### TASK PROMPT
Write out exactly, with both ends included, the lines that run from the line containing "Stichting HVO richt" to the end of the entries. Pictures are not part of the answer.

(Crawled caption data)
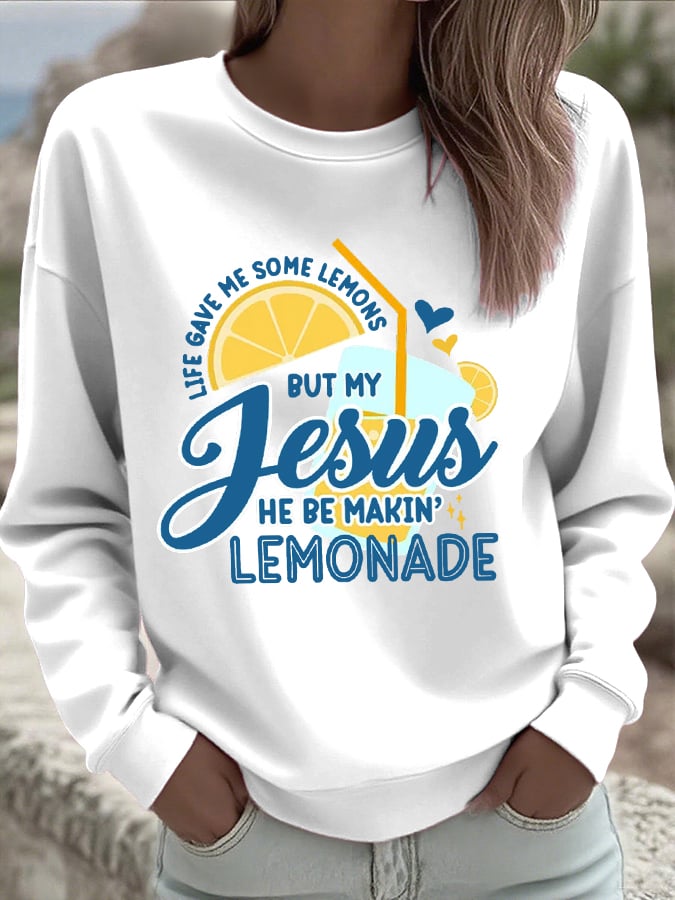 Women's Life Gave Me Some Lemons, But My Jesus Turned Them Into Lemonade Faith Print Sweatshirt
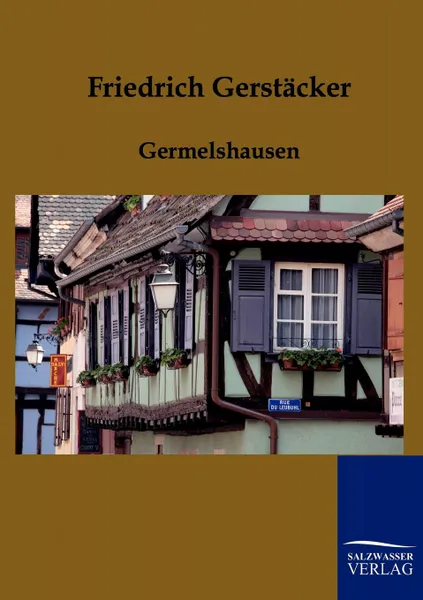 Обложка книги Germelshausen, Friedrich Gerstäcker
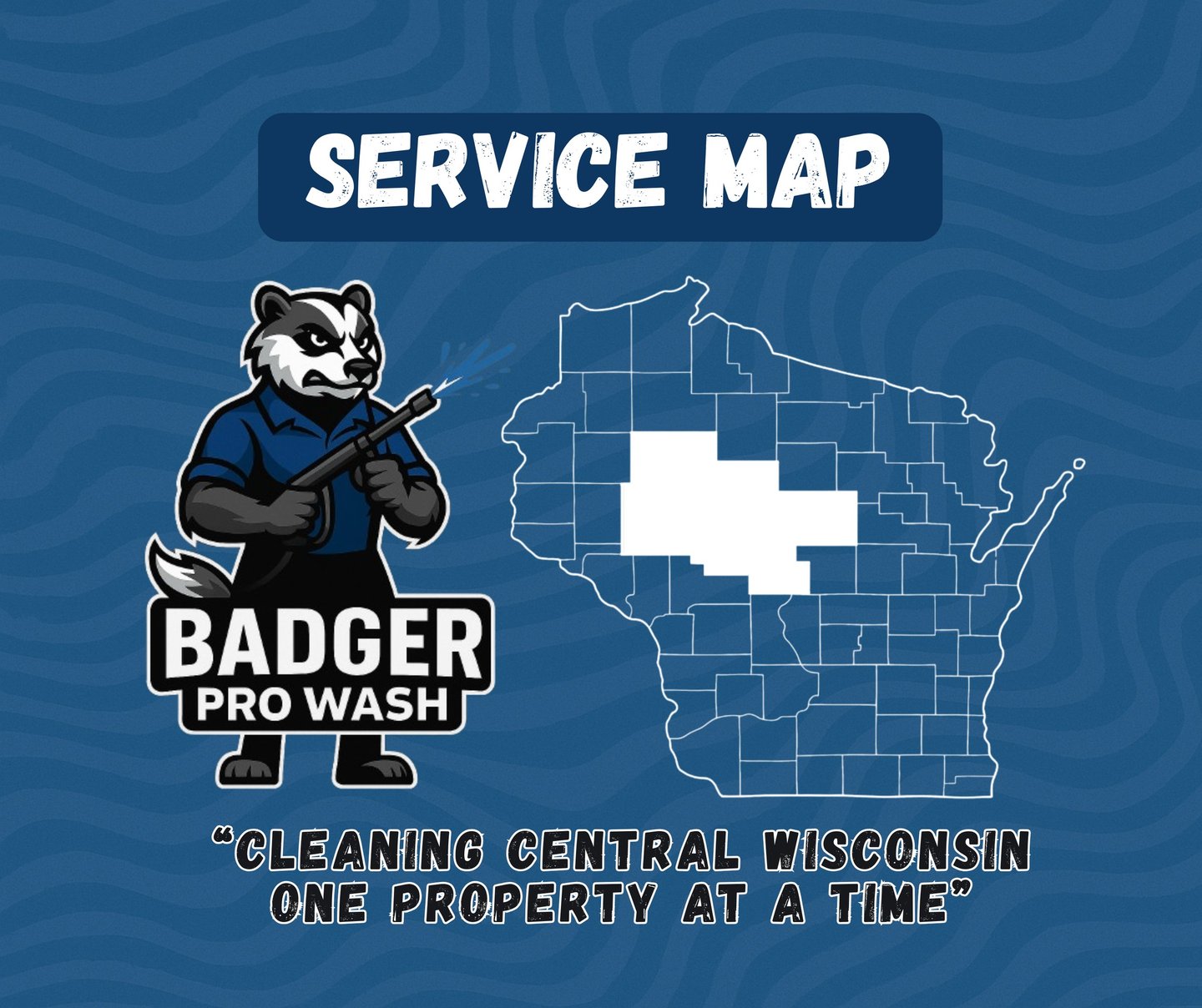 Badger Pro Wash's Service Map showing the areas of Eau Claire, Chippewa, Taylor County, Neillsville, Marshfield and Wausua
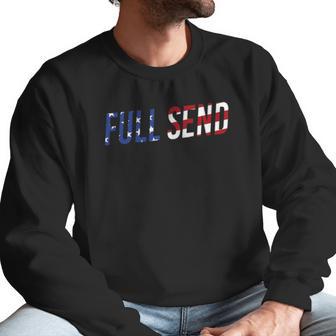 Full Send Us Flag No Half Send Us American Flag Men Sweatshirt | Favorety DE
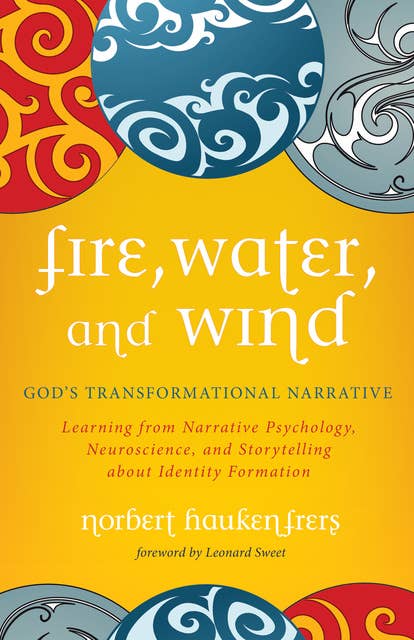 Fire, Water, and Wind: God’s Transformational Narrative: Learning from Narrative Psychology, Neuroscience, and Storytelling about Identity Formation
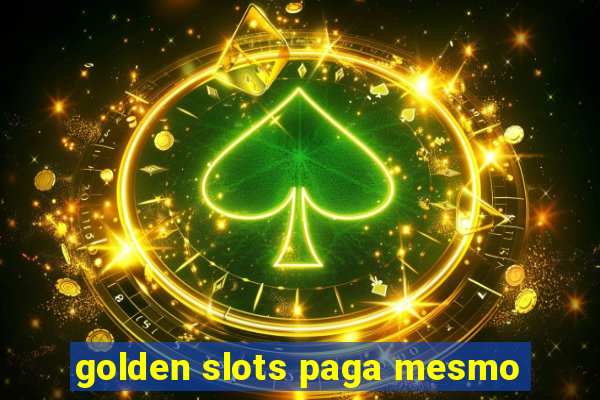 golden slots paga mesmo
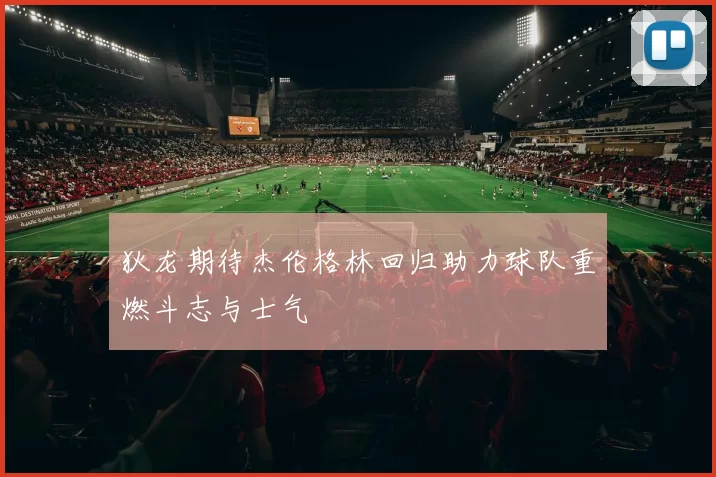 狄龙期待杰伦格林回归助力球队重燃斗志与士气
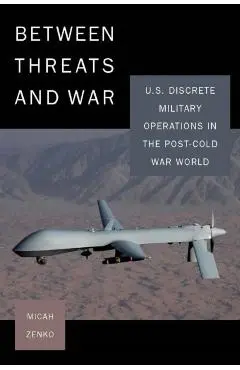 Between Threats and War: U.S. Discrete Military Operations in the Post-Cold War World - Micah Zenko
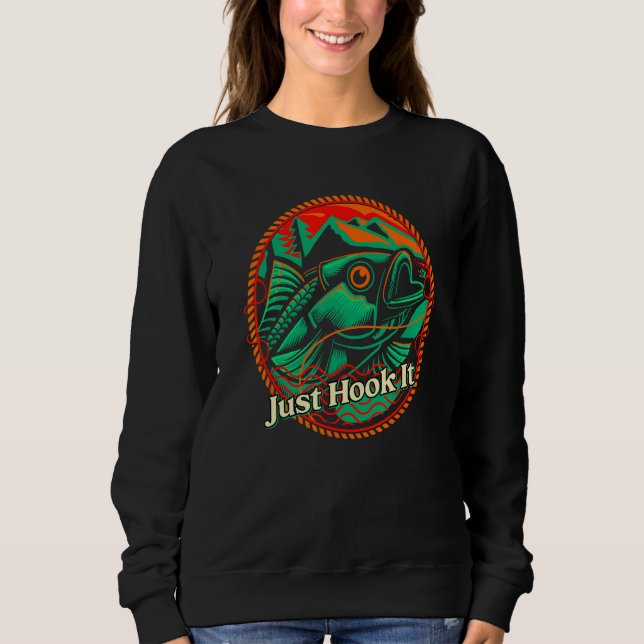 Just Hook It Ocean Fishing Sea Fisherman Lakes Hun Sweatshirt (Vorderseite)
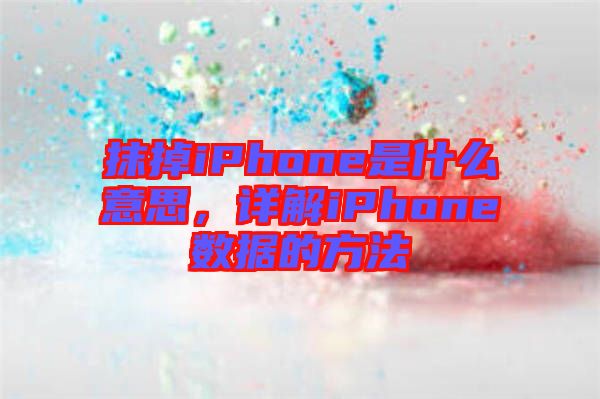 抹掉iPhone是什么意思，詳解iPhone數(shù)據(jù)的方法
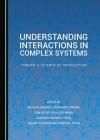 UNDERSTANDING INTERACTIONS IN COMPLEX SYSTEMS. TOWARD A SCIENCE OF INTERACTION
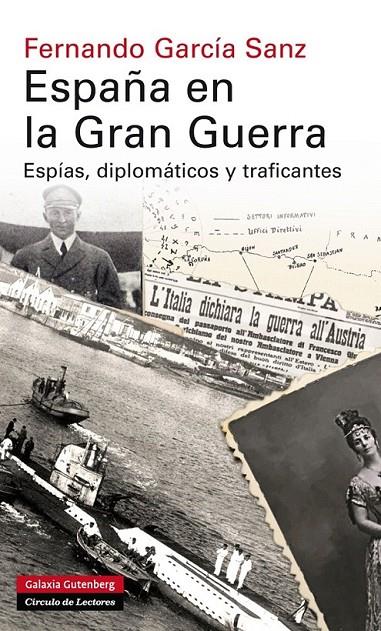 ESPAÑA EN LA GRAN GUERRA | 9788415863830 | GARCÍA SANZ, FERNANDO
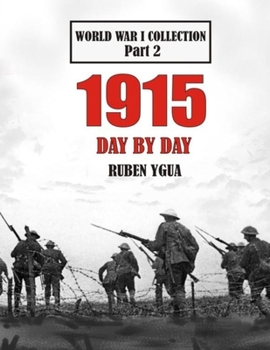 Paperback 1915 Day by Day: World War I Collection Book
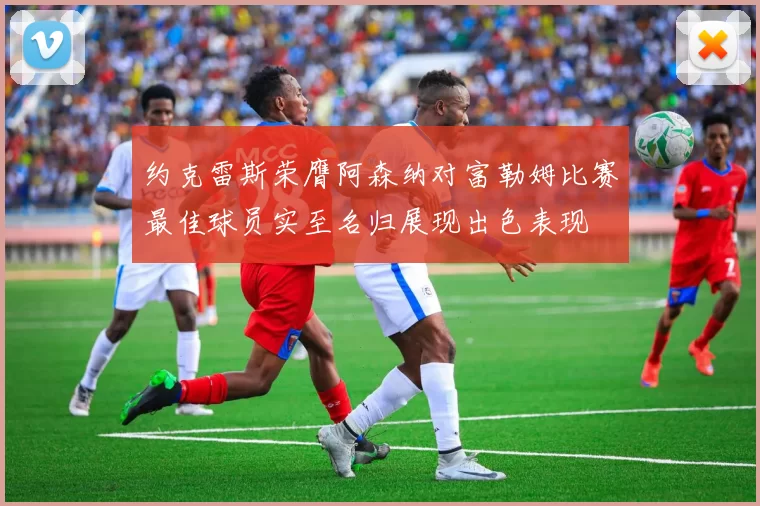 约克雷斯荣膺阿森纳对富勒姆比赛最佳球员实至名归展现出色表现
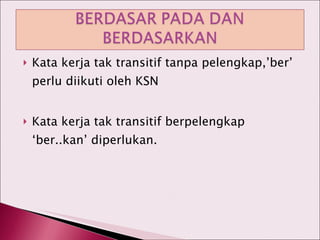 Kata kerja tak transitif tanpa pelengkap,’ber’ perlu diikuti oleh KSN Kata kerja tak transitif berpelengkap ‘ber..kan’ diperlukan. 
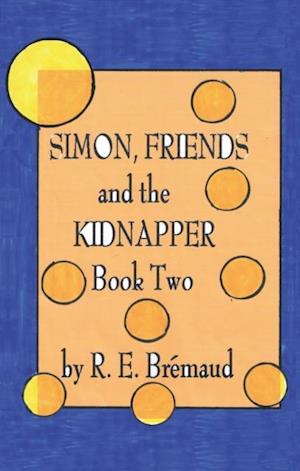 Simon, Friends, and the Kidnapper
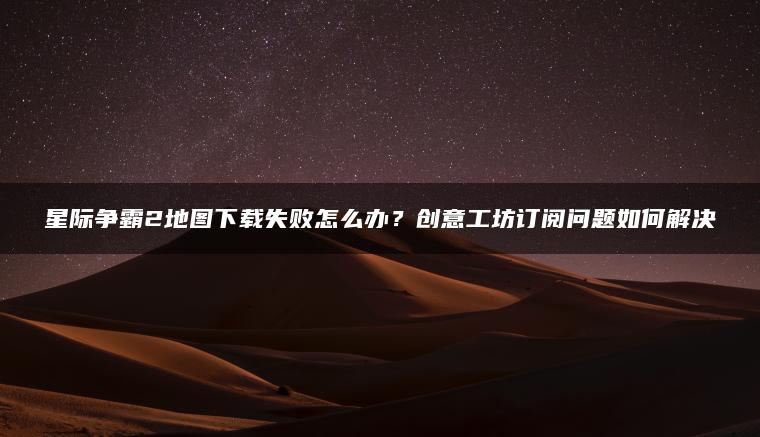 星际争霸2地图下载失败怎么办？创意工坊订阅问题如何解决 | ae插件合集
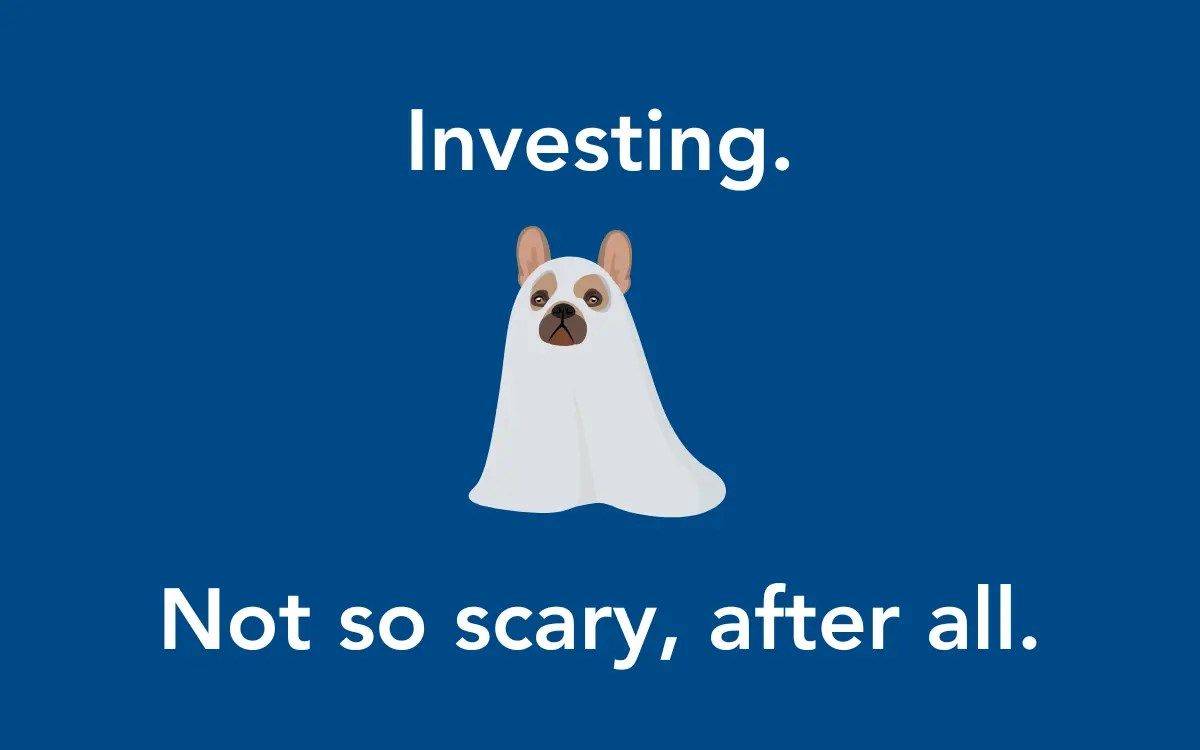 A digital illustration shows a small dog, possibly a French Bulldog, wearing a ghost costume made from a simple white sheet with holes for its ears and face. The dog's expression is neutral to slightly curious. The background is a solid deep blue. Above the dog, the word "Investing." is written in bold white text. Below the dog, the text reads, "Not so scary, after all." The visual conveys the idea that investing might initially seem intimidating but is actually manageable and less frightening than expected.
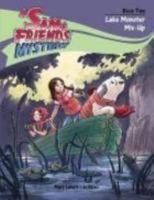 Lake Monster Mix-Up (A Sam & Friends Mystery) 1553378229 Book Cover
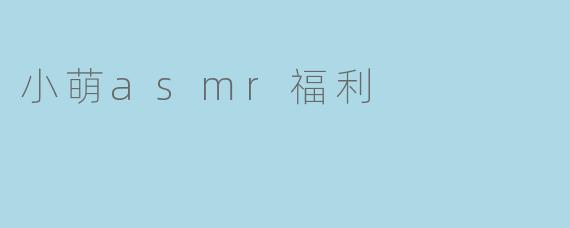 小萌asmr福利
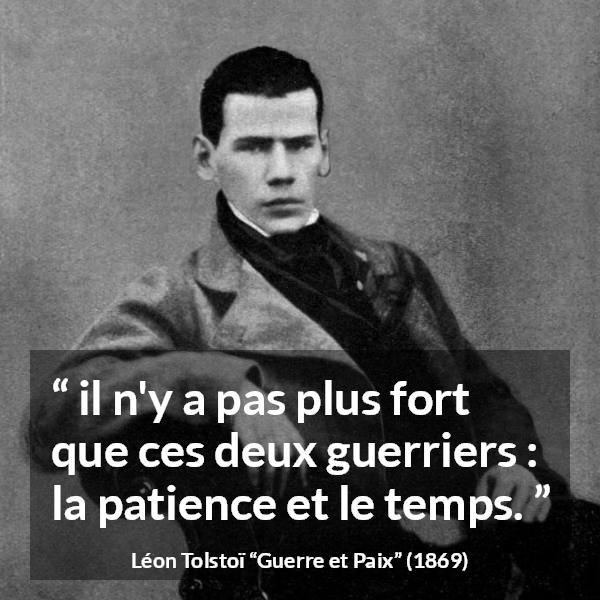 Citation de Léon Tolstoï sur la patience tirée de Guerre et Paix - il n'y a pas plus fort que ces deux guerriers : la patience et le temps.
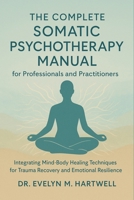 The Complete Somatic Psychotherapy Manual for Professionals and Practitioners: Integrating Mind-Body Healing Techniques for Trauma Recovery and Emotional Resilience B0FRMFRWPS Book Cover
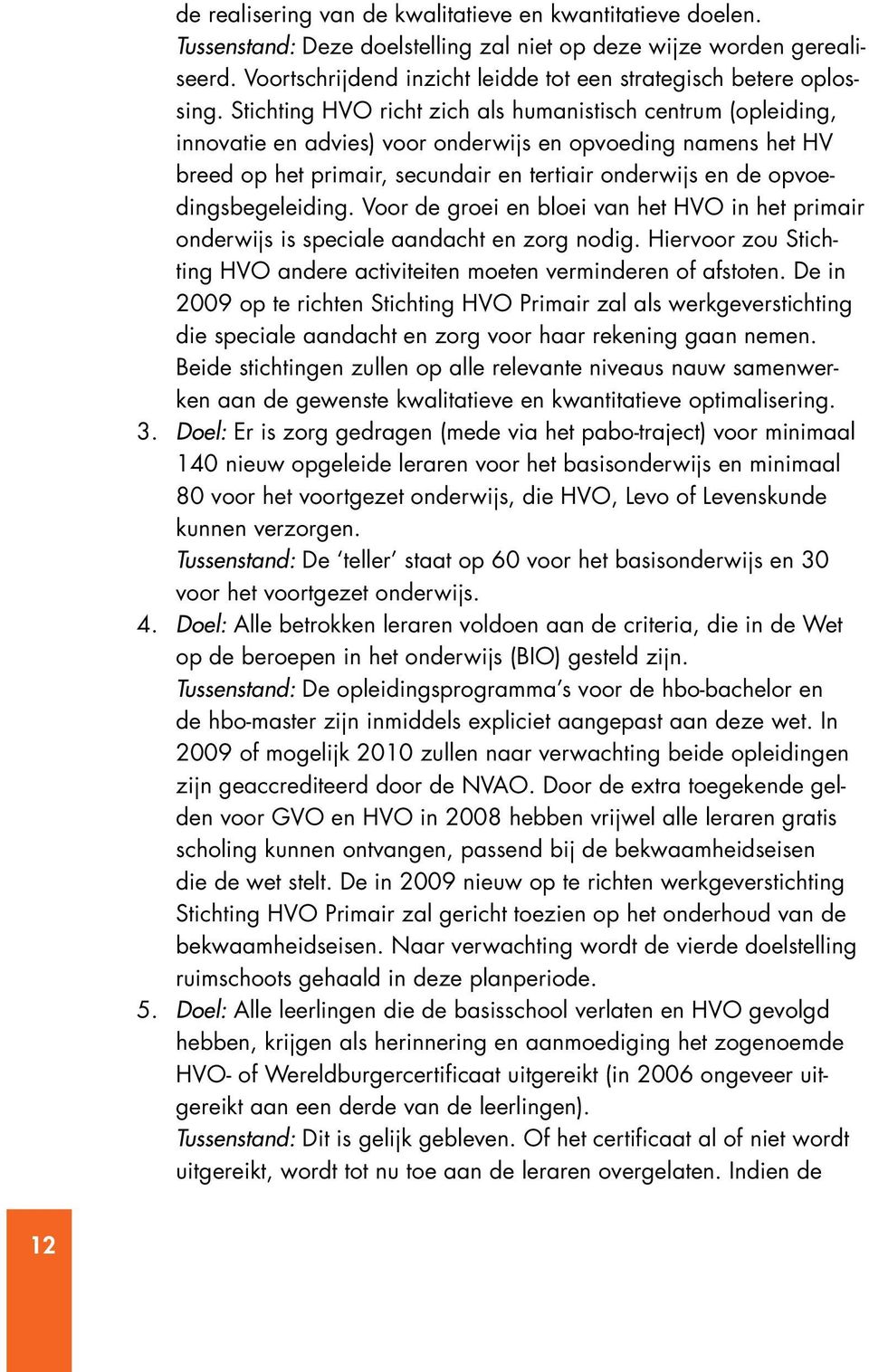 Stichting HVO richt zich als humanistisch centrum (opleiding, innovatie en advies) voor onderwijs en opvoeding namens het HV breed op het primair, secundair en tertiair onderwijs en de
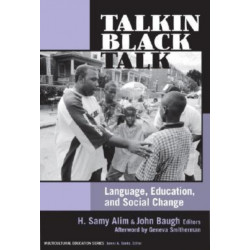 Talkin' Black Talk: Language, Education, and Social Change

### OUTPUT
 Stichting HVO richt zich als humanistisch centrum (opleiding, innovatie en advies) voor onderwijs en opvoeding namens het HV breed op het primair, secundair en tertiair onderwijs en de
 Talkin' Black Talk: Language, Education, and Social Change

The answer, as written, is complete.